My clearest memory is of the Glaswegian woman sitting next to me. ‘Would you like mine, too?’ I said, offering her my welshcake. ‘No,’ she said firmly, ‘I put mine in my bag. I thought it was going to be like a pancake. Do people actually eat these in Wales?’

Daffodils, welshcakes, yellow dresses – yes, I know, I know.

But it wasn’t about lazy stereotyping. Not this time. It was about looking quite genuinely towards Wales, about reaching out for signs of friendship. If the signs of friendship that come most immediately to hand are all a little predictable – well, that’s as much our fault as anyone else’s.

I left the studio having been genuinely surprised by the welcome I’d received. It wasn’t just that Jeremy Vine had a point to make about his positive attitude – his efforts and interest were clearly being shared by a lot of the people he worked with.

Last August, I spoke at the North American Festival of Wales in Washington D. C., where people who spoke Welsh were given something of a rock-star welcome – which certainly isn’t what we’d ever expect at home.

Having an echo of that – of genuine interest, and a willingness to connect – in London of all places, which often looks so incapable of noticing Wales – was unexpected and quietly inspiring.

Meanwhile, the fact that it was all revolving around the language – that people were preparing little bits of Welsh to use with me – that the speaking of Welsh itself was becoming part of the act of connection – that, I think, suggests some interesting thoughts for the future.

I picked up my credit card from the London Welsh Centre, walked back to Fitzrovia, did a quick Facebook Live in front of entirely the wrong BBC building (I’m very committed to the whole idea that making mistakes is valuable), found the right building, and was delighted to meet Jessica, the producer who’d been preparing for the piece.

She’d gone through our introductory sentence and our first lesson, and was saying some excellent sentences in Welsh with obvious and wonderful enthusiasm.

I had a friendly security check, and then a photo-pass made up by an less than happy receptionist – I wisely decided not to try and teach her any Welsh – and then we were up in the Green Room, a section of office space curtained off for guests on various shows.

I was fretting about getting my mobile charged – Beca, the content manager at SaySomethingin, had been doing a brilliant job of intercepting incoming media calls and dealing with them herself, but Garry Owen from Taro’r Post had rather cunningly gone round the end of the goal and straight to Jessica, so I was committed to a call at 1.55 – with my battery down at about 15%.

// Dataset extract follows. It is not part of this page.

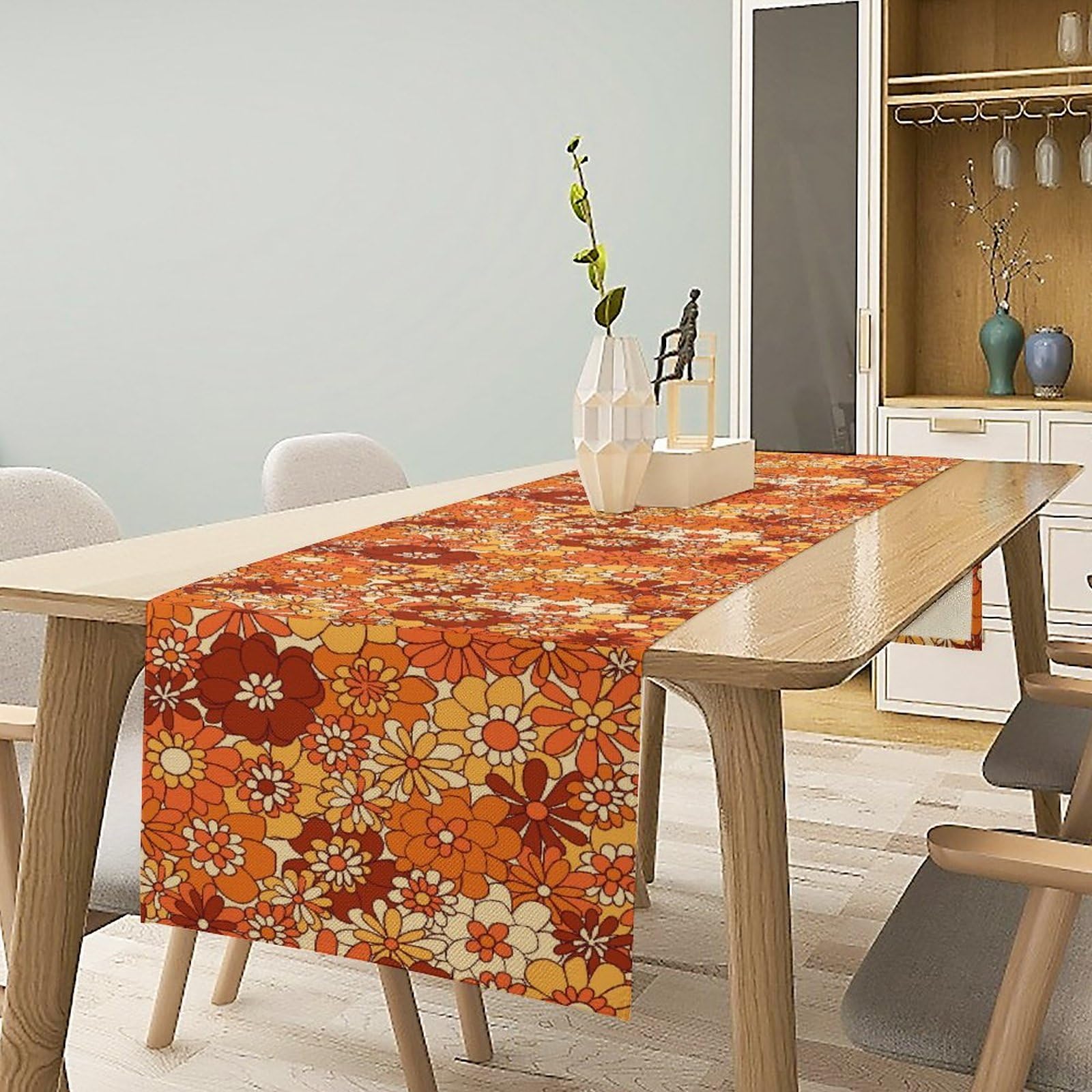 Boho Floral Table Runner, Vintage 70s Hippie Bright Orange Flowers Groovy Abstract Print Table Runner for Party Picnic Dining Room Kitchen 13x60 Inch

That helped (a very small amount) to keep my mind off what was about to happen – and then an unlikely hero rode to the rescue to make sure that I couldn’t think about the Jeremy Vine show at all.

‘Are you the Welsh guy?’ said a friendly young bloke.

I admitted it.

‘You’re not on until one, are you? That’s plenty of time.’ It was 14 minutes and 11 seconds, not that I was counting. ‘Steve’s just had a thought – would you record an intro in Welsh for Serious Jockin’?’

My face must have shown how few of those words I’d understood.

‘Steve Wright in the afternoon? If you could just record an intro?’

Ah, now there was a name I did in fact recognise – if only because my wife Catrin used to listen to him all the time. She was doing nothing but tease me about ‘your new best friend Jeremy’, but if I recorded an intro for Steve Wright, I might finally impress her – a mere 14 years after getting married.

‘Just a sentence,’ said Steve, as I sat down opposite him, ‘or maybe two. Actually, let me write something down. What’s DJ Silly Boy in Welsh?’

Yes, once again I’d got myself very quickly out of my depth. ‘Um, sorry, but what do you actually mean when you say bangers?’

Oh, I see.

‘Would you mind if I just said bangers for that bit, actually?’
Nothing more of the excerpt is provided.